Set down word for word each line from the one containing "people sitting looking" through the end of the records, both included. Do not copy any pictures.
==================================================
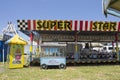 Ibitinga, SP, Brazil - 02 07 2021: A vintage popcorn cart in front of a Bumper Cars Ride at an Amusement Park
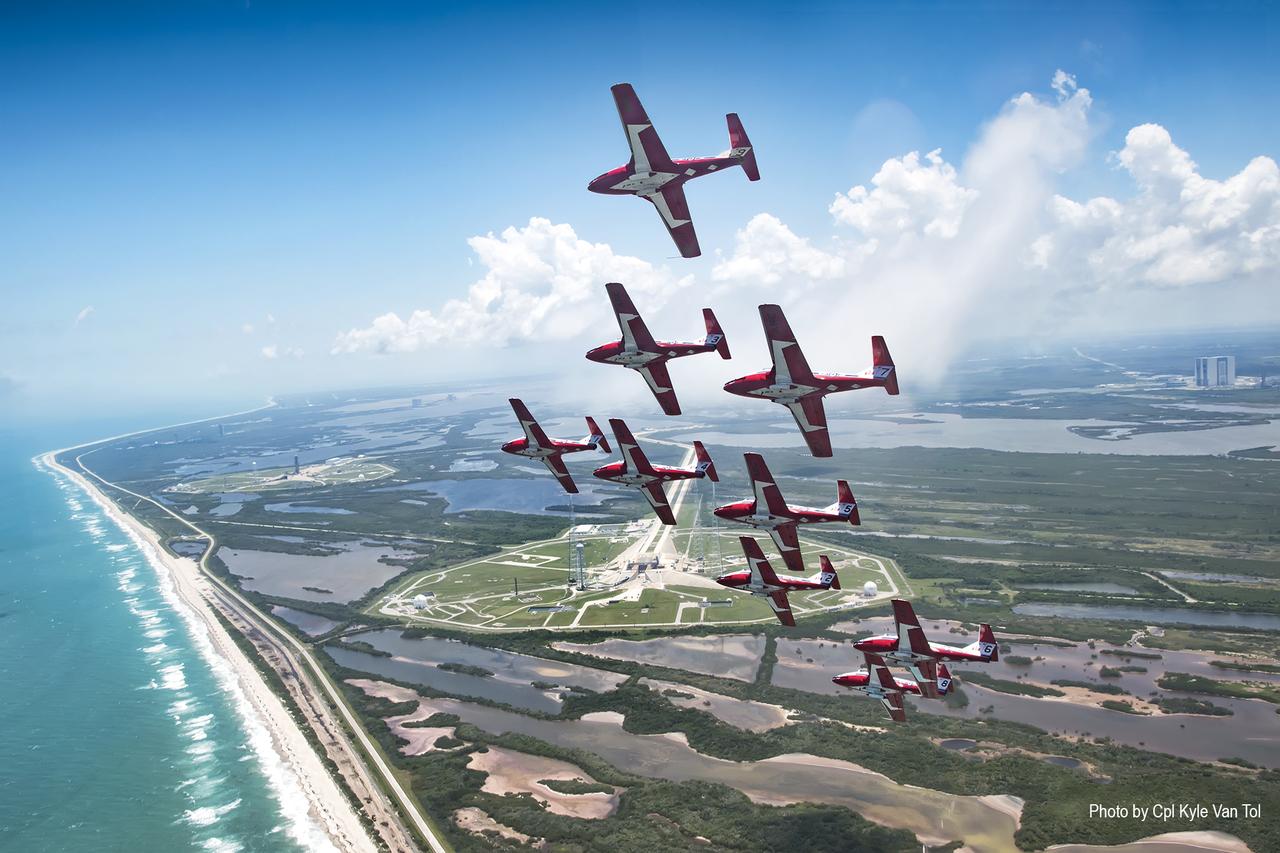 The Canadian Forces Snowbirds fly in Concorde formation over Launch Complex 39B and the Space Coast shoreline at NASA’s Kennedy Space Center in Florida. The Snowbirds, Canada’s air demonstration team, carried out a practice flight over Kennedy and nearby Cape Canaveral Air Force Station in Florida on Wednesday, May 9, 2018, between their scheduled U.S. air shows.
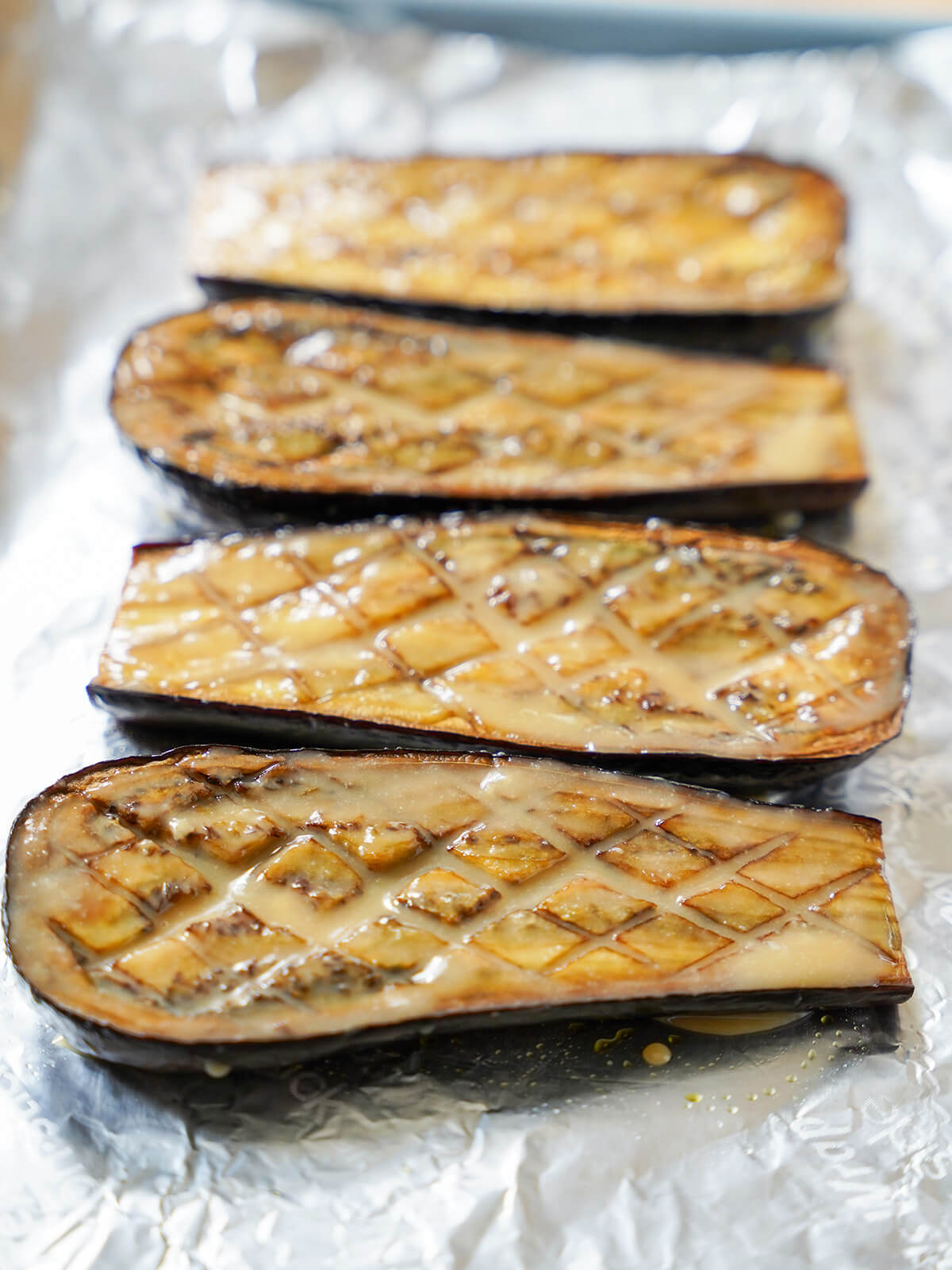 hatch-patterned topped eggplant with miso glazo ver the top of them on foil.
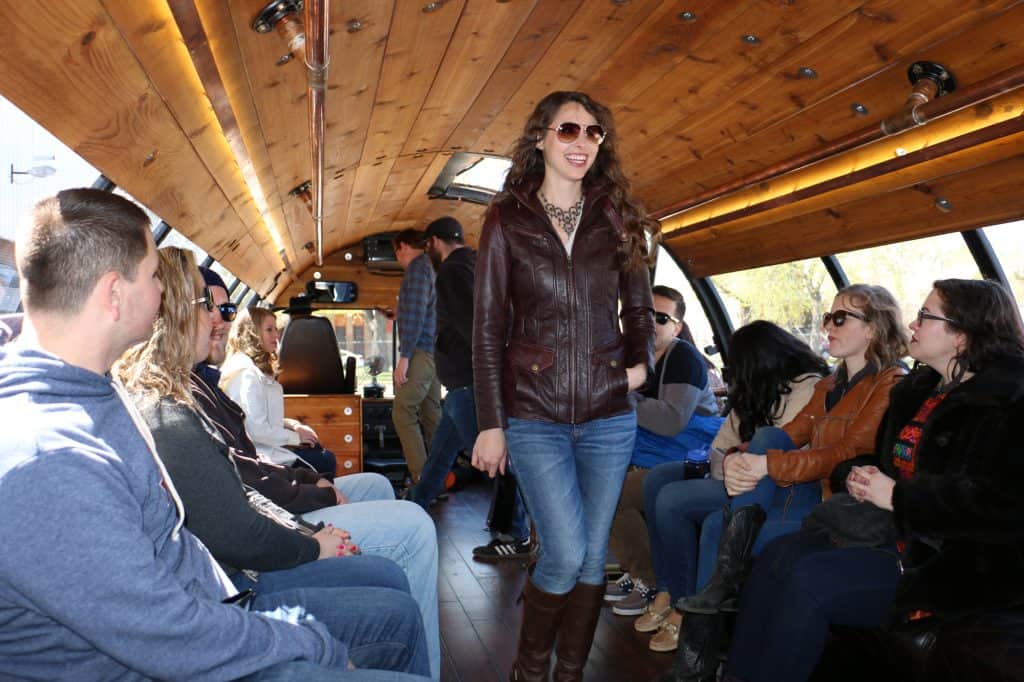people sitting looking at a lady wearing sunglasses in the barrel bus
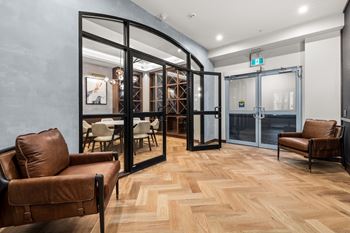 A room with wooden flooring and a glass door.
==================================================
__Response__
people sitting looking at a lady wearing sunglasses in the barrel bus
 A room with wooden flooring and a glass door.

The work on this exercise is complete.